Но за этим последовало открытие Теней и ее путешествие в другой мир; а теперь ее окружала эта тревожная ночь, где все было преисполнено цели и смысла, но Мэри чувствовала себя отрезанной от общей жизни. А найти к ней доступ не удавалось, потому что Бога больше не было.

Обуреваемая одновременно радостным волнением и отчаянием, Мэри решила взобраться на дерево и попробовать еще раз потерять себя в Пыли. Но не одолев и половины пути до рощи, она услышала какой-то новый звук, не похожий на шум листьев и шелест травы под порывами ветра. Это был глубокий, печальный стон, будто исходящий из недр органа. А затем раздался еще и треск – что-то рвалось, ломалось, и дерево скрежетало по дереву.

Неужели это ее обзорная башня?

Она остановилась там, где была, посреди открытого луга. Ветер сек ее по лицу, высокая трава хлестала по бедрам, мимо неслись тени облаков, но Мэри, не двигаясь, смотрела на зеленый полог листвы впереди. Трещали сучья, отрывались побеги, толстенные живые ветви переламывались, как сухие палочки, и летели на землю с головокружительной высоты, а потом и вся крона – крона того самого дерева, которое Мэри знала так хорошо, – стала клониться вбок и медленно опрокидываться.
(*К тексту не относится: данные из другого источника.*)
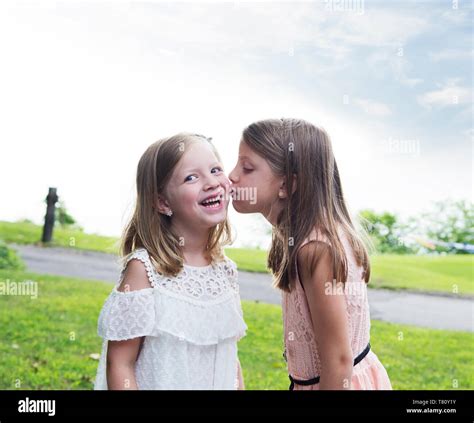 Two Young Sisters Kissing Hi Res Stock Photography And Images Alamy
Словно тысяча криков слились в один – каждое волоконце в коре, стволе, корнях отчаянно протестовало против этого убийства. Но дерево продолжало падать. Выпутавшись из крон своих соседей, оно точно наклонилось к Мэри, прежде чем грянуться оземь, как гигантская волна о волнолом; после падения его колоссальный ствол подскочил и снова рухнул, на сей раз окончательно, с последним протяжным стоном израненного живого существа.

Она подбежала к нему и коснулась дрожащих листьев. Вот ее веревка, а вот и остатки разбитой вдребезги платформы. Сердце у нее так стучало, что в груди было больно, однако, вскарабкавшись по знакомым ветвям, торчащим под непривычными углами, она угнездилась в самой верхней точке, до какой только смогла добраться.
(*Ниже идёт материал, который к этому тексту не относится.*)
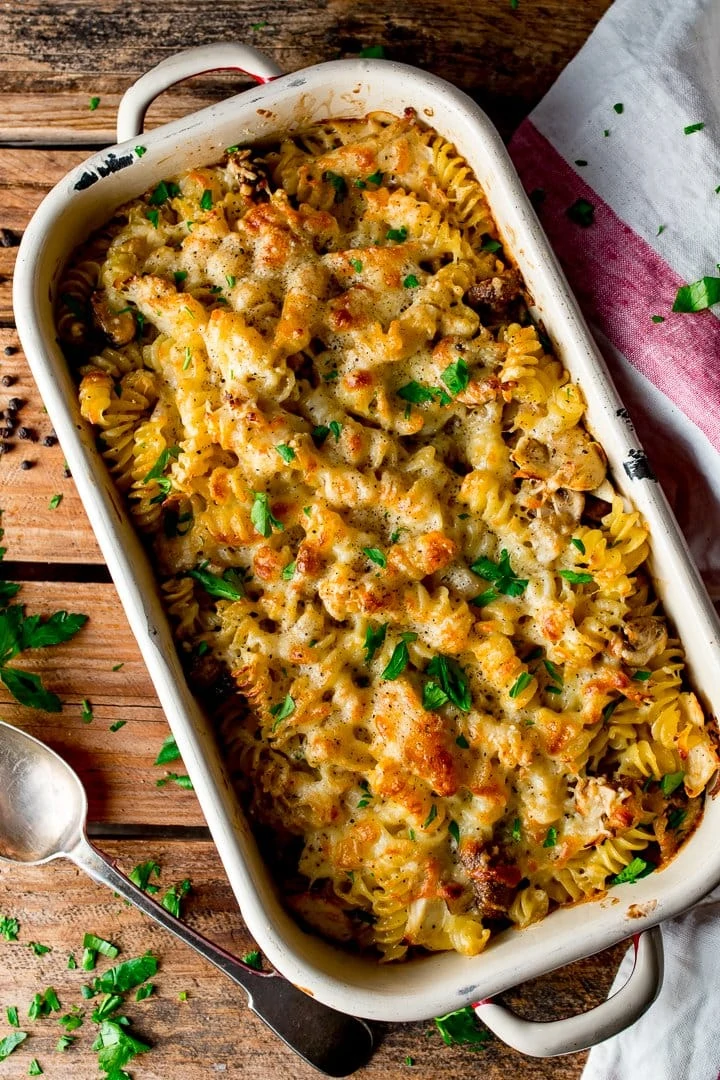 chicken alfredo pasta bake in a white tin on a wooden background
Проверив надежность опорной ветки, она вынула телескоп и с его помощью увидела в небе два совершенно различных движения.

В одном направлении двигались облака, между которыми мелькала луна, а в другом, не имеющем с первым ничего общего, небо пересекал поток Пыли, причем этот второй поток был гораздо быстрее и мощнее первого. Собственно говоря, он занимал практически все небо – будто гигантская река неумолимо катила свои воды, изливаясь из этого мира, из всех миров, куда-то в неведомую пустоту.

Медленно, словно без участия Мэри, в ее мозгу сложились отдельные кусочки головоломки.

Уилл и Лира сообщили ей, что чудесному ножу не меньше трех сотен лет. Так сказал им старик в Торре дельи Анжели.

Если судить по рассказам мулефа, шраф, питающий их самих и весь этот мир вот уже тридцать три тысячи лет, начал иссякать как раз около трехсот лет тому назад.

По словам Уилла, члены Гильдии философов, создатели чудесного ножа, проявляли небрежность, не всегда закрывая проделанные ими окна. Ведь и сама Мэри нашла такое окно; должно быть, на свете есть еще много других.